Cano and Tierney cite recent misogynistic terror attacks on women, including the murder of six women in Isla Vista, California, in 2014 and the 2018 shooting in a Tallahassee, Florida, yoga studio that killed two women and injured several others as examples of men, radicalized online, who then commit deadly violence. The Secret Service’s National Threat Assessment Center released a study this past March that details how attacks by men who call themselves “involuntary celibates” or “incels” have resulted in the deaths of dozens of women in the U.S. and Canada in the past decade.

To reach such men before their online interactions become potentially dangerous, Diverting Hate uses data analysis to examine the language used in extremely misogynistic social media content, and then works backward.
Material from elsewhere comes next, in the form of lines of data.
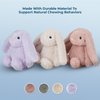 Best Pet Supplies Interactive Bunny Buddy Dog Toy with Crinkle and Squeaky Enrichment for Small and Medium Breed Puppies or Dogs, Cute and Plush - Bunny (Mauve), Small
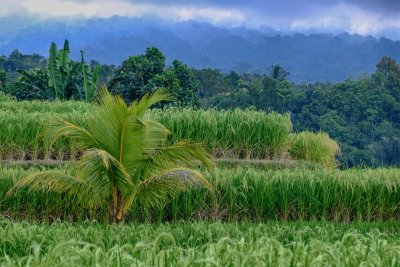 Jatiluwih Rice Terraces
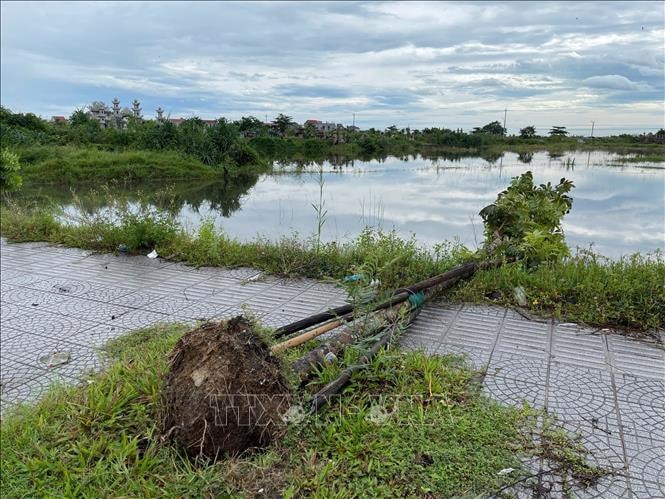 Huế: Yêu cầu làm rõ kỹ thuật trồng cây xanh ở tuyến đường Phú Mỹ - Thuận An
“We’re looking at the frequency with which users are engaging with that kind of content, the accounts they’re following, and we work as far up the ‘engagement funnel’ as possible, trying to divert them to better and healthier content,” says Tierney. They redirect at-risk users toward safer spaces by placing carefully constructed ads that surface on Twitter when dangerous content is accessed. Those ads point users to Diverting Hate’s resource partners, who provide community and mental health support, healthy male influencers, and other helpful content that can lead users down a more positive, constructive pathway instead of what Cano and Tierney call a “rabbit hole of no return.” 

Blazakis has guided his classes in this competition before and he sees Diverting Hate as a standout entry. 

“I was impressed with the creativity of [Cano and Tierney’s] group,” he says. “They developed a tool that can be widely implemented and used to divert audiences from seeing more toxic content online that demonizes women. This tech solution is innovative. I’m proud to see them take what they learned from research and traditional academics and come up with a technical solution.”

Building Out a Network to Counter Extremism

While Diverting Hate is taking root, so are Cano and Tierney’s careers. Cano completed her master’s in May and is now a senior associate at the Cornerstone Government Affairs, a bipartisan public affairs firm in Washington, D.C. Tierney, who will graduate in December, is working at Limbik, a tech firm, as a mis-, dis-, malinformation (MDM) content analyst. But they are both also staying fully immersed in Diverting Hate and the possibilities that this grant funding will allow.

Their current team includes Diverting Hate cofounders Astrid Askenberger MANPTS ’23 and Myles Flores MANPTS ’22, who were part of their initial project team in the Radical Right class, graduate research assistants Libby Flatoff NPTS ‘23 and Morgan Fowle NPTS ‘23, and two Middlebury College research assistants, Ishaani Sharma ’25 and Zeke Hooper ’25, who are supporting their database development and network analysis on Twitter. The McCain Institute is working closely with the Diverting Hate team to guide them in how best to work with a government grant, build out their network, and connect to others in the field. 

Two years from now, Cano and Tierney say, they expect to see this initiative still thriving, while they continue to build out partnerships with different organizations that are interested in countering misogyny and extremism. 

Behind all this effort, they say, is empathy: a deep desire to address the forces at play in our society, including isolation and a lack of mental health resources, that make men vulnerable to radicalization. Ultimately, says Tierney, Diverting Hate’s aim is to “work with anything from [social media] platforms to academics to partners to ensure that those who are victims [of misogyny] can be safe, and those who are in need of support can get the support they need.”